### Task to carry out
Send every record back word for word.

### Input for this task
◆ ◆ ◆ ◆ ◆

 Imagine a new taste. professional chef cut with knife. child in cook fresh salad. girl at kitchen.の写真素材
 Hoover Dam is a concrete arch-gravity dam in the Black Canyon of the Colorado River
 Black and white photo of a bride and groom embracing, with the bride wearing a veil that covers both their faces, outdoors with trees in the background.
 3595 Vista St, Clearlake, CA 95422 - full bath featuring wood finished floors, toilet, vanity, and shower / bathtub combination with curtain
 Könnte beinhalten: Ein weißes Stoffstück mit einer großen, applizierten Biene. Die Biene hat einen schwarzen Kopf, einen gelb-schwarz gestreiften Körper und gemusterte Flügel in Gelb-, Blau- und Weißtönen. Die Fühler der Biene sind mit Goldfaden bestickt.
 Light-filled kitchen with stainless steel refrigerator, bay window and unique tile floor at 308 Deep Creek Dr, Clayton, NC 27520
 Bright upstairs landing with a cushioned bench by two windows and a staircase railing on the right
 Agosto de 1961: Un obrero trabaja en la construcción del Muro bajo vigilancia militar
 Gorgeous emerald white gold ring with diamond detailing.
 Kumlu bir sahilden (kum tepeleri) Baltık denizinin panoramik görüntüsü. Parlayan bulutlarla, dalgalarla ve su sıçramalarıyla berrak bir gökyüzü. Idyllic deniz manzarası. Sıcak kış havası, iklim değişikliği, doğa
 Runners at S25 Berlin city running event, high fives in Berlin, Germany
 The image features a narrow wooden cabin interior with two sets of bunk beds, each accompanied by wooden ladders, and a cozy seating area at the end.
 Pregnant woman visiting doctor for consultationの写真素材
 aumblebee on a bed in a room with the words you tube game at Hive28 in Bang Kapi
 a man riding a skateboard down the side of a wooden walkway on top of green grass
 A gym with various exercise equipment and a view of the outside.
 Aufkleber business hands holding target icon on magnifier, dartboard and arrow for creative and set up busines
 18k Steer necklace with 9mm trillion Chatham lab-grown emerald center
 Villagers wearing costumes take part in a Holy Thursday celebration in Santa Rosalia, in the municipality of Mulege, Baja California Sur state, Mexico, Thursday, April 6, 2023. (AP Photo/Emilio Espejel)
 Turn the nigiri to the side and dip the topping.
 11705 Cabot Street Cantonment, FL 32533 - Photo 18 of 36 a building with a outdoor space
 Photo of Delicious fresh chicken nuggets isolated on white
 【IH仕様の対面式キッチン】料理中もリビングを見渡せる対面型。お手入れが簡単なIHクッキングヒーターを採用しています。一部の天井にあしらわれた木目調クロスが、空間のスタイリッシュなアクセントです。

◆ ◆ ◆ ◆ ◆

### Solution to this task
 Imagine a new taste. professional chef cut with knife. child in cook fresh salad. girl at kitchen.の写真素材
 Hoover Dam is a concrete arch-gravity dam in the Black Canyon of the Colorado River
 Black and white photo of a bride and groom embracing, with the bride wearing a veil that covers both their faces, outdoors with trees in the background.
 3595 Vista St, Clearlake, CA 95422 - full bath featuring wood finished floors, toilet, vanity, and shower / bathtub combination with curtain
 Könnte beinhalten: Ein weißes Stoffstück mit einer großen, applizierten Biene. Die Biene hat einen schwarzen Kopf, einen gelb-schwarz gestreiften Körper und gemusterte Flügel in Gelb-, Blau- und Weißtönen. Die Fühler der Biene sind mit Goldfaden bestickt.
 Light-filled kitchen with stainless steel refrigerator, bay window and unique tile floor at 308 Deep Creek Dr, Clayton, NC 27520
 Bright upstairs landing with a cushioned bench by two windows and a staircase railing on the right
 Agosto de 1961: Un obrero trabaja en la construcción del Muro bajo vigilancia militar
 Gorgeous emerald white gold ring with diamond detailing.
 Kumlu bir sahilden (kum tepeleri) Baltık denizinin panoramik görüntüsü. Parlayan bulutlarla, dalgalarla ve su sıçramalarıyla berrak bir gökyüzü. Idyllic deniz manzarası. Sıcak kış havası, iklim değişikliği, doğa
 Runners at S25 Berlin city running event, high fives in Berlin, Germany
 The image features a narrow wooden cabin interior with two sets of bunk beds, each accompanied by wooden ladders, and a cozy seating area at the end.
 Pregnant woman visiting doctor for consultationの写真素材
 aumblebee on a bed in a room with the words you tube game at Hive28 in Bang Kapi
 a man riding a skateboard down the side of a wooden walkway on top of green grass
 A gym with various exercise equipment and a view of the outside.
 Aufkleber business hands holding target icon on magnifier, dartboard and arrow for creative and set up busines
 18k Steer necklace with 9mm trillion Chatham lab-grown emerald center
 Villagers wearing costumes take part in a Holy Thursday celebration in Santa Rosalia, in the municipality of Mulege, Baja California Sur state, Mexico, Thursday, April 6, 2023. (AP Photo/Emilio Espejel)
 Turn the nigiri to the side and dip the topping.
 11705 Cabot Street Cantonment, FL 32533 - Photo 18 of 36 a building with a outdoor space
 Photo of Delicious fresh chicken nuggets isolated on white
 【IH仕様の対面式キッチン】料理中もリビングを見渡せる対面型。お手入れが簡単なIHクッキングヒーターを採用しています。一部の天井にあしらわれた木目調クロスが、空間のスタイリッシュなアクセントです。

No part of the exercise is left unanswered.